Saying that a reorganization in May required a different skill set in its executive ranks, Sage Group plc today said that its North American chief executive and chief financial officers have left the company.
Sage CEO Ron Verni and CFO James Eckstaedt left following a board review of Sage's North American business. In a financial trading update, also announced today, Sage said that it expected North American organic revenue growth for the fiscal year ended Sept. 30, 2007, to come in at only 4%, below all of Sage's other geographic regions.
But in a conference call with European press this morning, Sage Group Chief Executive Paul Walker attributed the departure of the two executives to a reorganization of Sage's North American operations in May into four divisions. On May 9, Sage announced that it was forming the Business Management Division, encompassing accounting, ERP, CRM, and related businesses for small and medium-size companies, and the Industry & Specialized Solutions Division, for construction, real estate, and non-profit companies.
These two new divisions joined the Healthcare and Payment Solutions Divisions to create the four-division structure in Sage's North American operations.
"Having put this new structure in place, we needed a change of style," Walker said. "We needed a change in how we managed a divisional business, compared to running an executive team. It was appropriate to bring in a new CEO with experience in managing a divisionalized business."
Nevertheless, during a question-and-answer session with reporters, Sage Group Finance Director Paul Harrison acknowledged that the company had expected a better than 4% organic revenue growth performance. "There is potential for better organic growth in this region," he said.
Walker said he did not expect the executives' departures to cause any disruption in Sage's North American business, about which, he said, he continues to be "extremely positive," Despite the 4% revenue gain expected for the fiscal year, the officials described the £500 million North American business as highly profitable, with EBITA of £100 million expected in the fiscal year.
A search to find replacements for Verni and Eckstaedt is under way, Walker said, adding that the company was close to hiring a new chief executive for Sage Software Healthcare, whose president and CEO, Andrew Corbin, resigned in July.
Analyst reaction to the announcement of the departures centered more on the factor of growing competition in the mid-market in North American than Sage's move to the divisional structure.
David Bradshaw, a principal analyst with London-based Ovum, said in an interview with Managing Automation that he thought the new divisional structure was only one factor in the departures.
"I buy it to an extent, but they weren't delivering the organic growth that they needed," Bradshaw said. "It's been going on for a while, but I'm not sure they [the executives] are to blame." Bradshaw said that growing competition, particularly in the U.S. market from such competitors as Microsoft, was also a key factor.
Bradshaw said that the management shakeup may indicate a change of strategy, which has been to grow Sage's business through acquisition, to one with greater emphasis on organic growth. Nevertheless, even such a change will present Sage with challenges. "They need to develop an integrated product set," he said.

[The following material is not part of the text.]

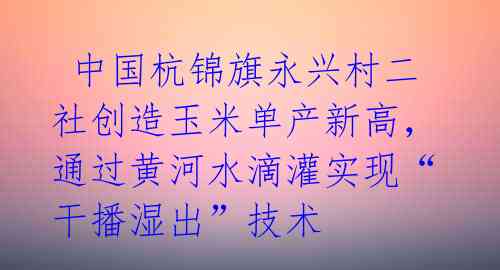  中国杭锦旗永兴村二社创造玉米单产新高，通过黄河水滴灌实现“干播湿出”技术
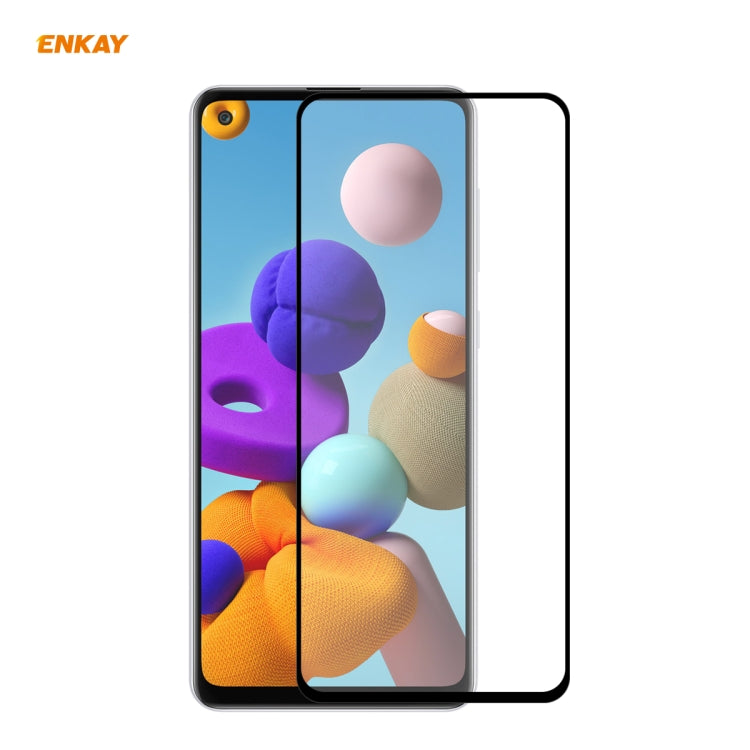 For Samsung Galaxy A21s ENKAY Hat-Prince Full Glue 0.26mm 9H 2.5D Tempered Glass Full Coverage Film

In its trading update issued today, Sage confirmed that group revenue for the year will be £1.158 billion, compared with £892 million in its 2006 fiscal year, with EBITA at about £283 million, compared with £239 million. Organic revenue growth for the year for the entire group will be about 7%, with the United Kingdom expected also to come in at 7%, mainland Europe at 10%, North America at 4%, and the rest of the world at 17%.
Sage Group will report its fiscal 2007 results formally on Nov. 28.